If they don’t then I need to go into metals or commodities because it will be the Wiemar Republic.
It all depends on how to view the opps in the inland empire. The coastal always attract crowds, but the density and traffic are bad. It will push people out of the core. As long as the Southern California economic is still growing, it will need more houses. It is just the price will not appreciate that fast.
If Coastal California real estate is such a great investment, why aren’t the private equity funds buying houses here? The guys who manage billions of dollars can’t all be wrong.
I would rather be parking my money where the cashflow is good and the potential for rebound appreciation is present. Neither is true in Coastal California.
Boy am I glad only the smart educated people are gonna make it.
There are plenty of people without your vaunted degrees that make a hell of a lot of money.There are people with degrees are so far in debt it’s not funny. You assume having a degree somehow makes you immune to debt or stupidity in general
“Riverside County houses typically trade at a discount to rental parity. In fact, the nearly 25% discount puts Riverside County properties near payment parity, the price point where PITI equals rent. Owners in Riverside County benefit fully from tax savings and amortization whereas OC buyers need this to offset their higher house payments.”
I guess that is the distance and gas costs factor in. If you live in the IE your gas costs and miles on your cars requires a lower house payment to make it feasible.
Yup, I think Mike is right…the problem with Riverside/San Bernardino has always been an employment mismatch…the housing is there, but the jobs aren’t – at least not the skilled white collar jobs. That’s why people that live there have horrible commutes.
I know this is not the norm, but my friend’s law office is in Riverside and he lives in Coto, so he commutes to and from Riverside almost every day.
The way development plays out is that houses always pioneer a new area. After enough houses are built, small office, retail, and other commercial uses move out there too. Commercial properties are subject to the same pricing pressures as residential. It doesn’t make sense for a businessman, particularly a manufacturer, to pay the high rents or high prices for space in Coastal California when there is an eager workforce and cheap office space in the hinterlands. Within 20 years, many new businesses will relocate out to the Inland Empire, and the commutes will be much shorter. The first wave of this can be seen in the new office complexes in Corona. This trend will continue until Corona becomes more expensive, and then they will start building more office space in Moreno Valley. It’s just a matter of time.

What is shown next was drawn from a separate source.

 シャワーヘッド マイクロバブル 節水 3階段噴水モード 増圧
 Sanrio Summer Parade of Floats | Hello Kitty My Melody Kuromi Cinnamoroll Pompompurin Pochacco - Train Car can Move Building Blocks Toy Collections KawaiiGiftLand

Does agriculture count as an employer? My grandfather worked the orange groves in Riverside, but only commuted from Casa Blanca. Citrus was big business in the IE in those days.
No.
I don’t know how accurate is this index. It was created by Ed Butowski to capture inflation data. It based on the cost of real items households use and purchase. This data is for the Los Angeles Area CPI.
2011: 12.3%
2012: 13.2%
The Chapwood Index
Now, this company is trying to sell financial services. However, I wonder why S&P, Moody’s, or some other company have put together their own CPI index independent of the US’s calculations.
If wages not increasing the cost of living is increase this has to lead to even more defaults in the future. If fact, DTI probably needs to be revised to lower percentages.
More inflation signs and lack of employment
Copper theft ‘like an epidemic’ sweeping US
Copper is such a hot commodity that thieves are going after the metal anywhere they can find it: an electrical power station in Wichita, Kan., or half a dozen middle-class homes in Morris Township, N.J. Even on a Utah highway construction site, crooks managed to abscond with six miles of copper wire.
Those are just a handful of recent targets across the U.S. in the $1 billion business of copper theft.
“There’s no question the theft has gotten much, much worse,” said Mike Adelizzi, president of the American Supply Association , a nonprofit group representing distributors and suppliers in the plumbing, heating, cooling and industrial pipe industries.
“There was a perception that copper theft slowed down after the recession, and the rise in commodity prices seemed to ease off,” he said. “But that’s not the case. The theft has only been growing.”
Stolen copper is valuable as scrap because the metal is used for so many items-from fiber optics to plumbing to anything electrical-and the profits are tempting.
“Copper prices have leveled since the recession, but they’re still high enough to have people steal it,” said Michael Gurka, managing director of Spectrum Asset Management, a Chicago investment firm.
“It’s also a very tangible asset and hard to trace, and reselling it can bring in lots of money,” he added.
Ten years ago, copper futures traded at 80 cents a pound on the Chicago Mercantile Exchange. By 2006, they were at $4 a pound. They are now trading at about $3 a pound , lower than seven years ago but still 375 percent higher than 2003.
According to the latest statistics from the National Insurance Crime Bureau , which tracks incidents of metal theft, 25,083 claims were filed from 2009 to 2012, compared with 13,861 from 2006 to 2008. Nearly 96 percent of the claims in the more recent period were for copper theft.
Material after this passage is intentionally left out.